The case that Snowden was an espionage agent

A lot of people, from Ron Paul to the Pulitzer Prize committee, have staked their reputations on the conviction that Edward Snowden was a public-spirited whistleblower. But what if they are wrong, and he was from the start an espionage agent of a foreign power (most likely Russia) who used the domestic spying revelations as cover?

Edward Jay Epstein is an investigative  writer of the highest standing, a man given to careful examination and analysis of the facts, and he presents a disturbingly strong case in the Wall Street Journal  that Snowden was operating as an agent. The entire piece should be read, but here is an excerpt that is most telling, in my opinion:

The chronology of Mr. Snowden's thefts suggests that a top priority was lists of the computers of U.S. adversaries abroad that the NSA had succeeded in penetrating. Mr. Snowden confirmed this priority in October 2013, when he told James Risen of the New York Times NYT +3.29% that his "last job" at the NSA—the job he took on March 15, 2013, with outside contractor Booz Allen Hamilton—gave him, as Mr. Snowden said, "access to every target, every active operation" mounted by the NSA against the Chinese. Soon after Mr. Snowden fled to Hong Kong in May 2013, he told Lana Lam of the South China Morning Post that his new job gave him access to the lists of machines in China, Hong Kong and elsewhere that "the NSA hacked. That is why I accepted that position about three months ago."

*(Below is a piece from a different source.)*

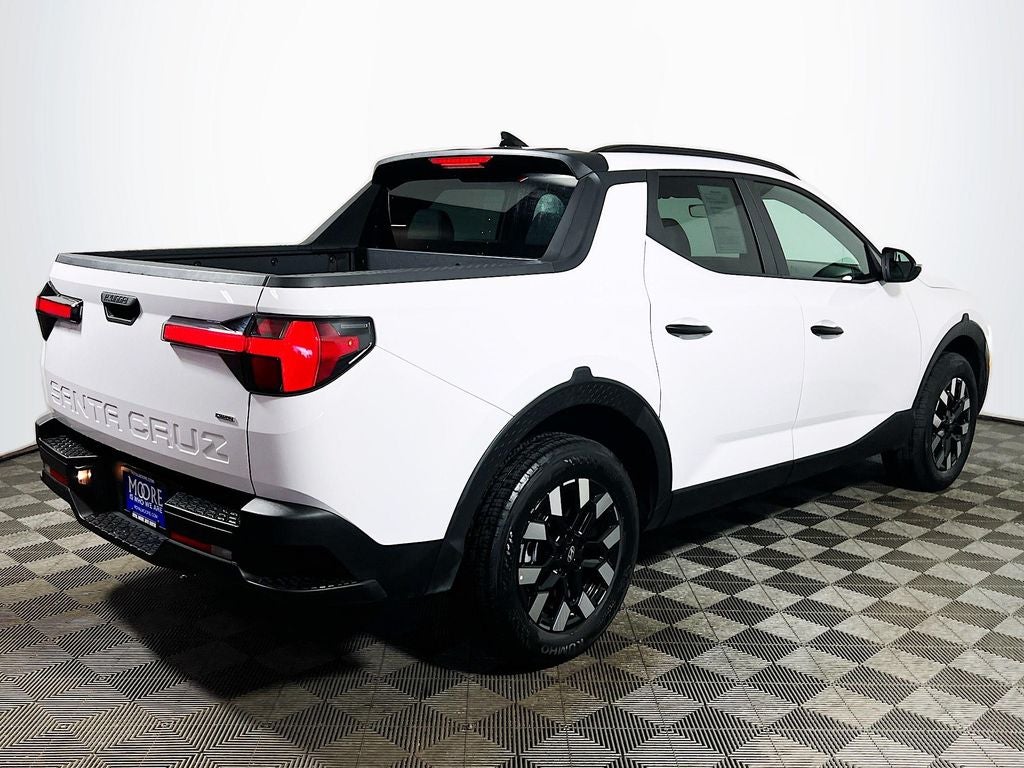 2025 Hyundai Santa Cruz SEL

Mr. Snowden took the Booz Allen Hamilton job in March of 2013, but it was only at the tail end of his operation—in May—that he copied the document (possibly the only one) that specifically authorized the NSA's controversial domestic surveillance program. This was a Foreign Surveillance Intelligence Act court order, instructing Verizon to provide metadata on U.S. phone calls for 90 days, that Mr. Snowden gave to the Guardian newspaper in London on June 3, 2013. (He also leaked a secret presentation in slides about the NSA's Prism Internet surveillance. This program, operated with the FBI, targeted only foreigners, though it could be extended, with the approval of the attorney general, to suspects in the U.S. in contact with foreign targets.)

Contrary to Mr. Snowden's account, the document he stole about the NSA's domestic surveillance couldn't have been part of any whistleblowing plan when he transferred to Booz Allen Hamilton in March of 2013. Why? Among other reasons, because the order he took was only issued by the FISA court on April 26, 2013.

Read the whole thing. If Epstein is correct, there shoudl (but won't) be a lot of red faces.